*Available records*
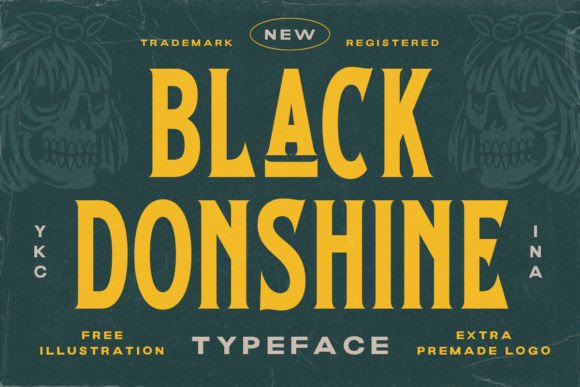 Black Donshine: The Bold Display Typeface for Scroll-Stopping Campaigns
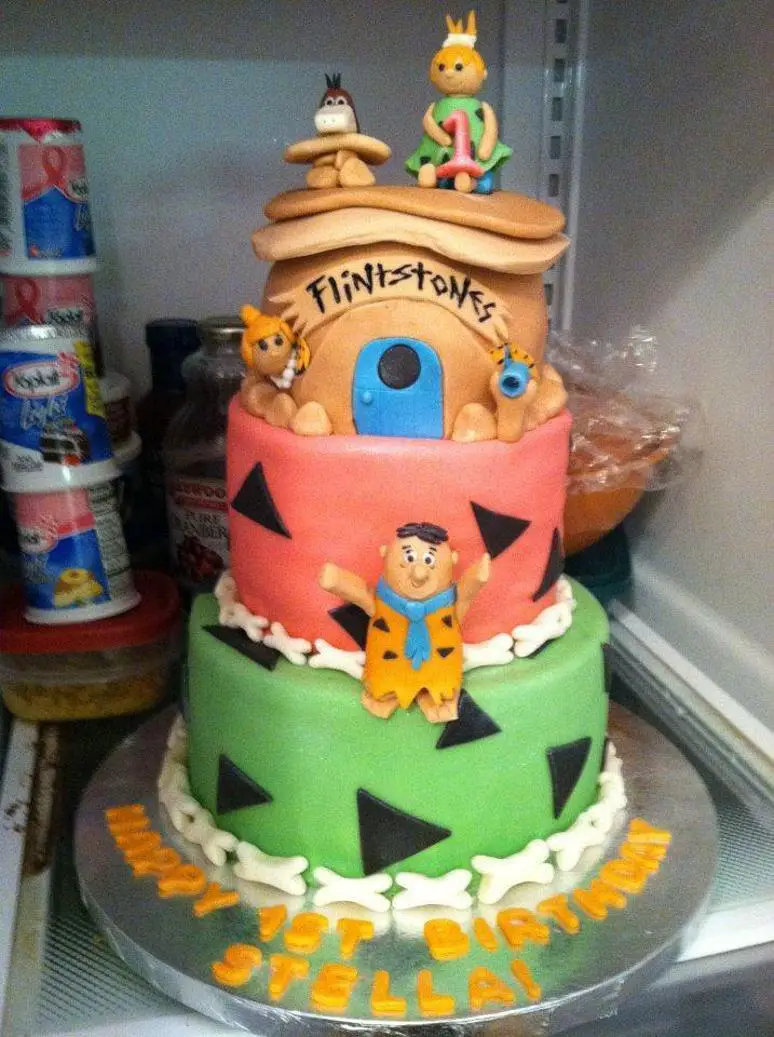 flintstones birthday cakes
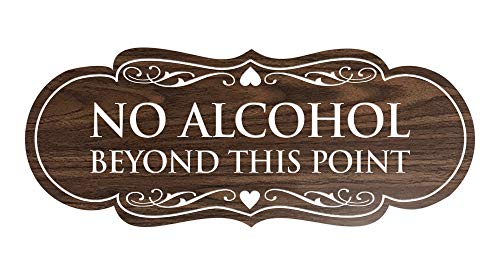 Panneaux No Alcohol Beyond This Point pour Organiser vos Salons et Zones de Réception
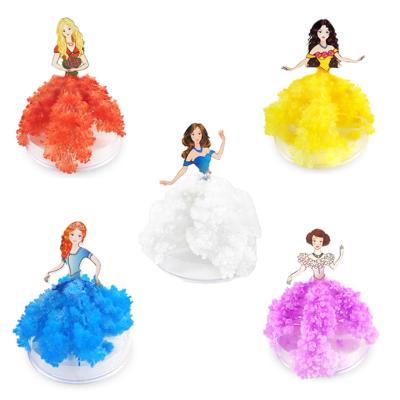 China Beautiful Funny Toy Beautiful Disny Toys Princess Chemical Reaction Magic Christmas Tree Ornaments for sale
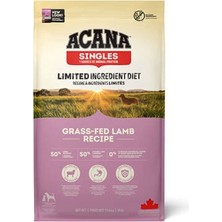 Paxteks Singles Grass Fed Lamb Kuzulu Elmalı Tahılsız Köpek Maması Tüm Irk ve Yaşam Evreleri 11,4 kg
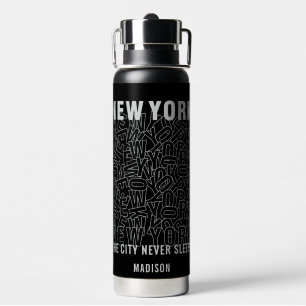 New York Typografy individuelle Name Trinkflasche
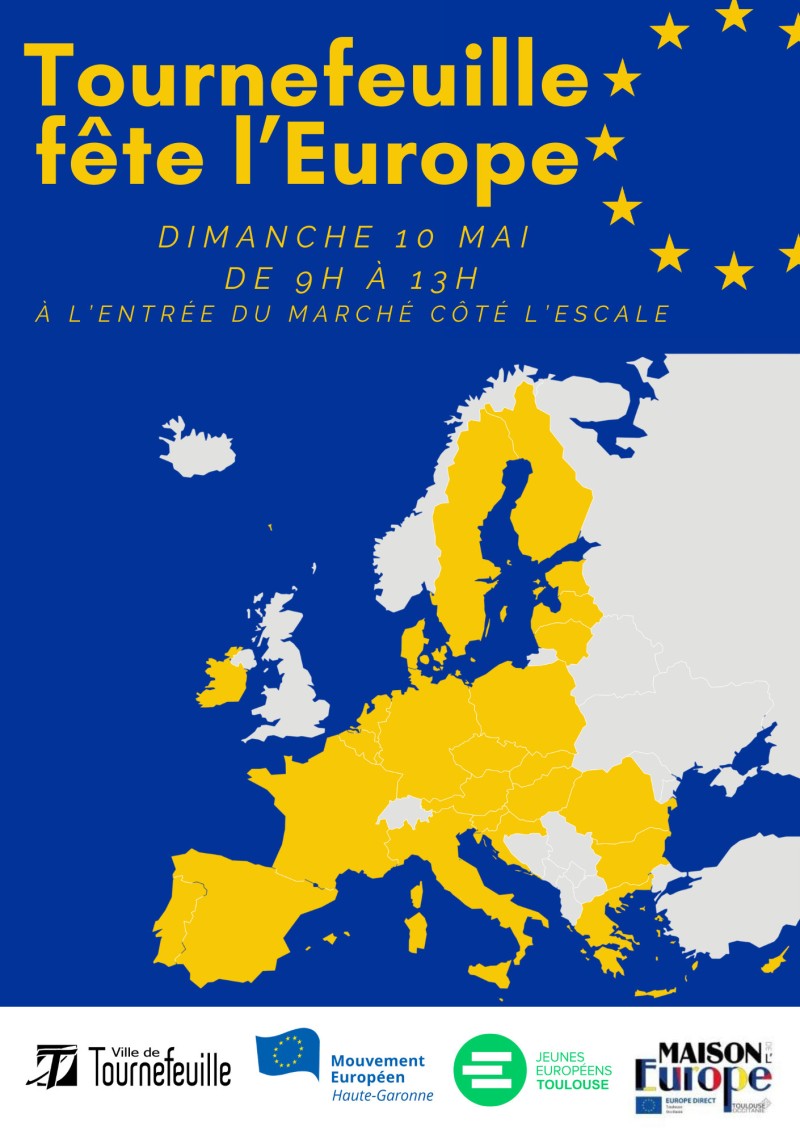 Tournefeuille fête l’Europe - Dimanche 10 mai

*What is required*
Each entry should be output word for word, with no pictures carried over.

*Finished exercise*
 Black Donshine: The Bold Display Typeface for Scroll-Stopping Campaigns
 flintstones birthday cakes
 Panneaux No Alcohol Beyond This Point pour Organiser vos Salons et Zones de Réception
 China Beautiful Funny Toy Beautiful Disny Toys Princess Chemical Reaction Magic Christmas Tree Ornaments for sale
 Paxteks Singles Grass Fed Lamb Kuzulu Elmalı Tahılsız Köpek Maması Tüm Irk ve Yaşam Evreleri 11,4 kg
 New York Typografy individuelle Name Trinkflasche
 Tournefeuille fête l’Europe - Dimanche 10 mai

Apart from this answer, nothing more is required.